A prominent Egyptian football player has lost his job after criticizing President Abdel Fattah el-Sisi on Facebook over Cairo’s handling of rising militant attacks in the restive Sinai Peninsula.
The Wadi Degla football club in Egypt’s premier league terminated Ahmad el-Merghany’s contract two days after the influential midfielder posted the anti-Sisi comments on his personal Facebook account.
“Everyone is dying, civilians, soldiers and policemen. Where are you from all of this? All we ever get from you is talk with no actions,” Merghany wrote on his Facebook page.
The 27-year-old player called Sisi “a failure,” holding the army chief-turned-president responsible for “every spill of blood” in the North African state.

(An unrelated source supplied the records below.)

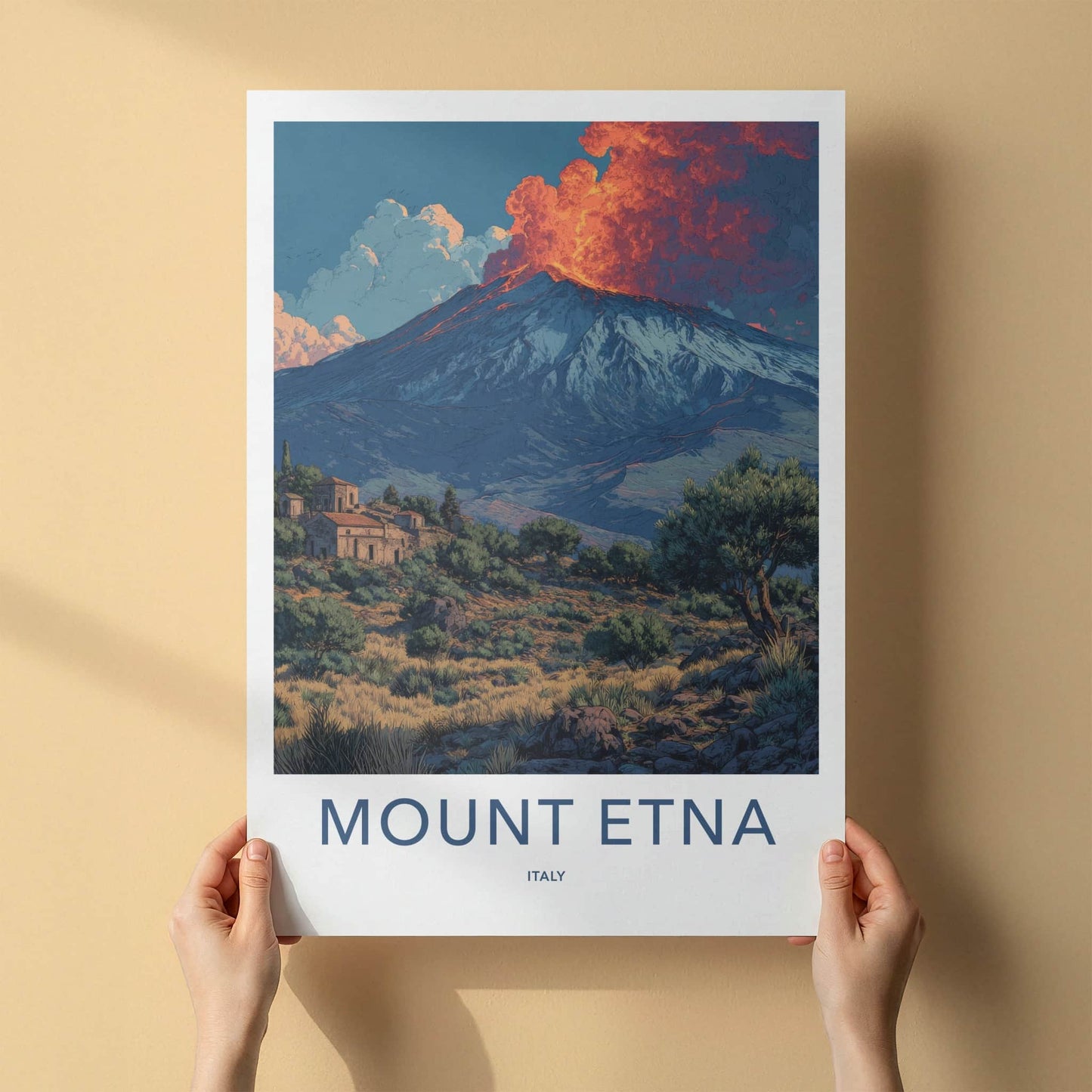 Mount Etna Poster - Italy Travel Art - Erupting Sky Peak Gift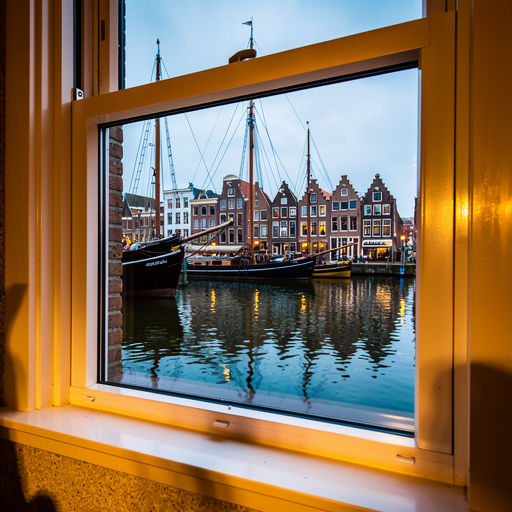 blik vanuit woonkamer in Hoorn door wit kunststof raamkozijn naar de haven met zeilschepen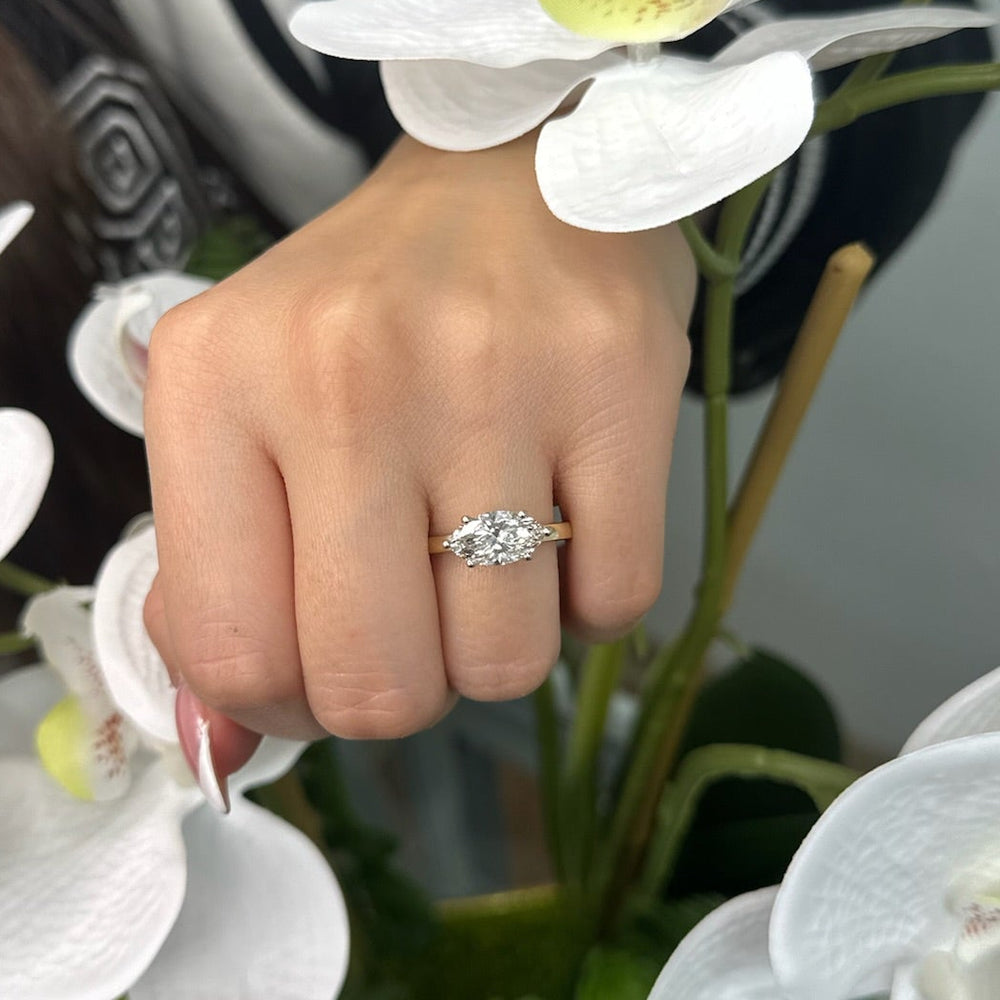 Echter-Marquise Cut Lab Yellow Gold Diamond East West Ring, Hand, Front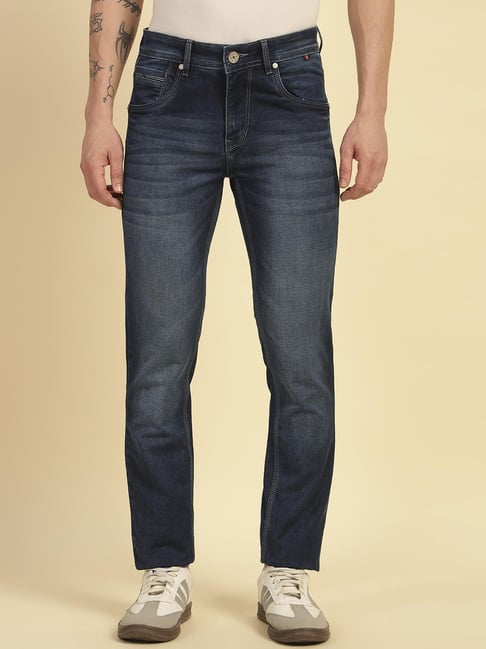Cantabil Blue Regular Fit Solid Jeans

The comments come after 70 people, mostly soldiers, were killed by Takfiri militants south of the Sinai town of Sheikh Zuweid, northeast of the capital, Cairo, earlier this week.
Gunmen have intensified terrorist attacks in Sinai ever since Mohamed Morsi, Egypt’s first democratically-elected president, was toppled in a military coup led by Sisi, the then army chief, in July 2013.
Merghany’s termination from his career is the latest in a series of measures taken against popular football stars in Egypt because of their stance on the current policies of the military-backed government in Cairo.
Authorities last month confiscated ownership certificates of one of the country’s former football stars after accusing his company of supporting the blacklisted Muslim Brotherhood.
The Muslim Brotherhood was outlawed as a terrorist organization in late 2013 following the overthrow of Morsi, who is affiliated with the movement.
Since then, the Egyptian army has launched a brutal crackdown on Morsi’s supporters.